Arriving home from Vegas the next night, we found the front door unlocked. The house was a mess. It felt cold, as if the doors and windows had been left open all night. Alex wasn’t there. I looked around like a dog sniffing out its territory. I started looking for something — unsure of what it was. I went to my jewelry box. Everything seemed in order. I went to Alex’s room; everything looked the same. I looked in the closet and started lifting things out of the way – that’s when I discovered it. I had never seen this quantity. It was about 18 inches long and 12 inches wide, sealed in plastic. Marijuana. I pulled the package out and heard Alex come through the door.
“Is this what you have been up to? Is this how you’ve been earning money?”
He was surprised that I found it.
“Well, you wanted me to get a job.”
“A real job!”
“You need to return it! I don’t want it here!”
“I can’t return it! I have to pay for it.”
“Well, how the hell are you gonna do that?”
“Mom, I can’t return it. I gotta give them the money. If I don’t sell it they’re gonna come after me.”
This was new to me. I was shocked but not too surprised. Too many headlights in the driveway at night. Too many of his walks out the door. Too many phone calls. I simply chose not to see it.

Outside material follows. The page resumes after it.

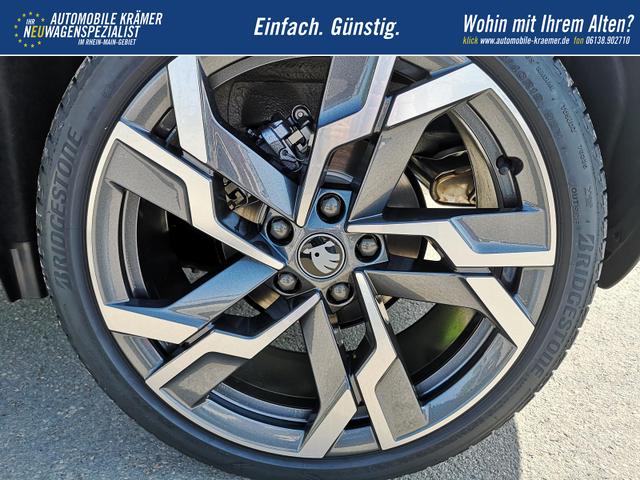 Skoda Karoq Sportline 2.0TDI DSG 4x4 AHK Matrix Pano Sound Leder 19 Zoll 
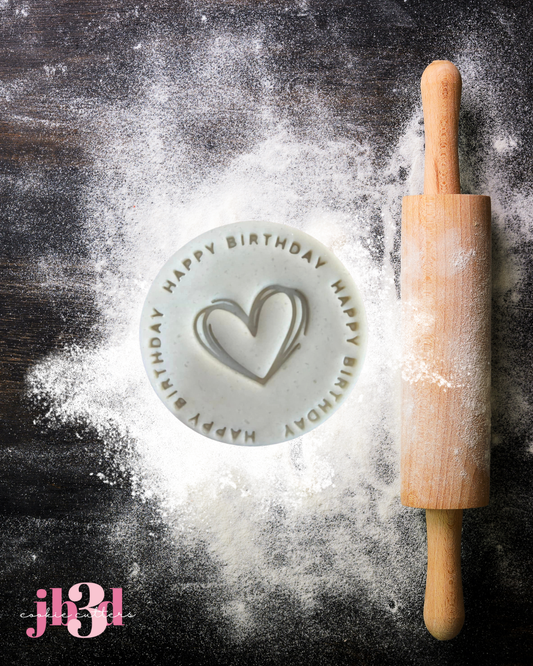 Happy Birthday 70mm  Stamp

I managed to borrow the money, and I gave it to Alex. He swore he would pay me back. I drove him to a house not too far from ours. I parked the car around the corner in the shadows of a large tree. He got out and I waited. It was late, and the whole time I was praying like a mother prays, making deals with God: “Lord, keep my son safe and out of harm’s way.” In the rearview mirror, I finally saw him coming around the corner. I breathed a sigh of relief. He got in the car, and we drove home. I think He heard my prayers that night.
Alex ended up giving the weed to one of his friends to sell. At this point, I didn’t care what happened to it. I just wanted it gone. Even though he swore he would pay me back, he didn’t. Maybe I was reckless with money. It didn’t matter. I was relieved that it was over. The money was never the point, though maybe that was a mistake. I didn’t hold him accountable.
I wanted to be the Super Single Mom. I wanted to prove that I could raise my son on my own. I couldn’t. I didn’t know how to put my foot down. I was inconsistent. I now believe there comes a time when a child needs that tough love, and I couldn’t give that to him.
Eduardo and I are still together, celebrating nine years of marriage. Wedded bliss it is not, but we continue to work together and support one another in being a family, enjoying life, and making the most of the gifts given us.
Alex battles addiction, but his days as an entrepreneur are long over. He continues to compose, perform and play his guitar. At 28, he will graduate in June with a Bachelor of Arts in Music with an emphasis in education from Cal Poly Pomona. He’s going to teach music to high school students.